Con sigilo de expertos reconocieron el perímetro de la cabaña hasta localizar el cuadro eléctrico. Después de hacer saltar la tapa, uno de los dos encontró el diferencial y lo apagó.
El laboratorio, que no tenía ventanas, quedó tan oscuro como el túnel de una mina a medianoche. Ann aguantó un poco la respiración.
—Menudo sitio para que se vaya la luz —comentó con una nota de nerviosismo.
—Quizá solo haya sido una subida de tensión —dijo Pitt—. Quédate un momento quieta para no tropezar.
Durante la espera se infiltró en los pensamientos de Pitt una aprensión incómoda.

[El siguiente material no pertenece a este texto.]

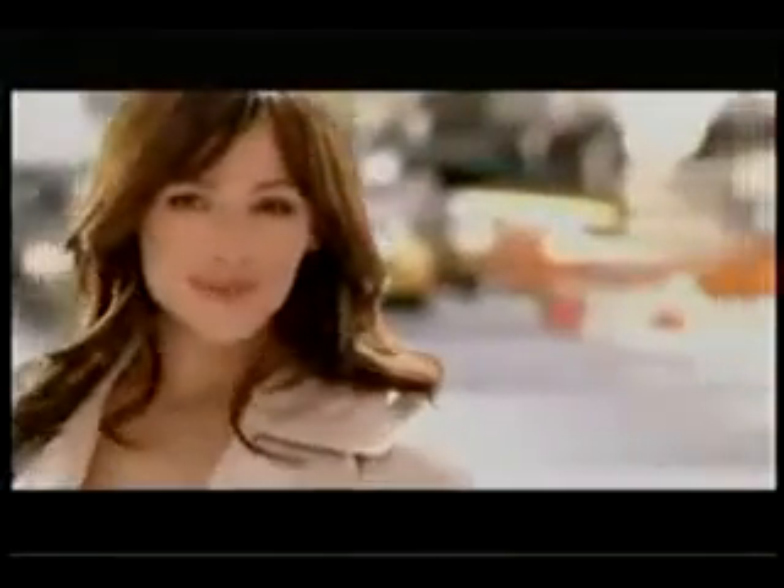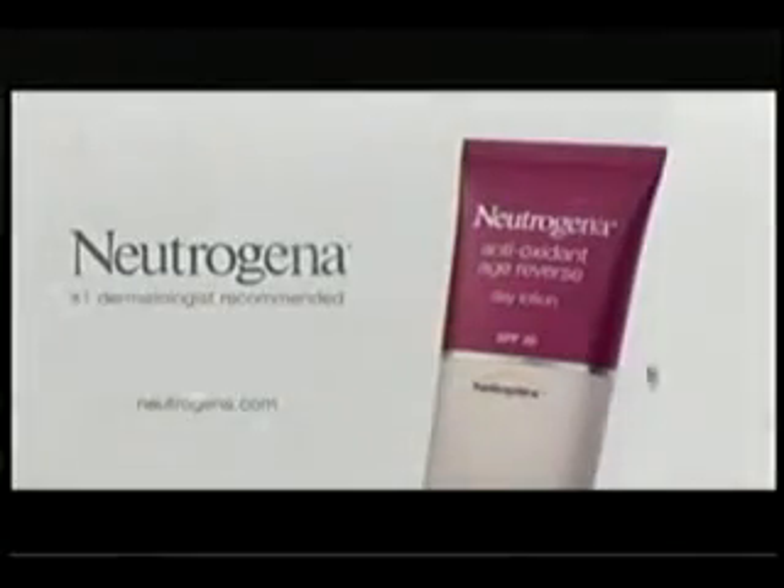Why look older if you don't have to? New Neutrogena Antioxidant Age Reverse.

—Prueba a encender el portátil, así habrá luz —añadió—. Debería tener un poco de batería.
—Buena idea.
Ann dejó el diario y tanteó por la mesa en busca de uno de los ordenadores. Al encontrarlo fue pulsando teclas y botones con la esperanza de localizar el de encendido.
Pitt oyó crujir los tablones del suelo dentro de la casa. No estaban solos. Tendió la mano hacia la mesa más cercana y buscó a tientas un arma por la superficie. Tras ignorar algunos cables sueltos, encontró una herramienta, unas tenazas muy pequeñas que se guardó en la mano.
—Creo que ya lo tengo —dijo Ann.
El ordenador se inició. Al orientar la pantalla hacia Pitt, Ann bañó la sala en una vaga luz turquesa que llegó hasta la puerta de la casa justo en el momento en que se abría. Los dos intrusos que irrumpieron en la cabaña se quedaron muy quietos, observando el interior.
Pitt vio que ambos eran bajos pero musculosos, con ropa negra y gafas de visión nocturna. Armados con Glocks, hicieron un barrido de la sala hasta centrar las miras en Ann y Pitt.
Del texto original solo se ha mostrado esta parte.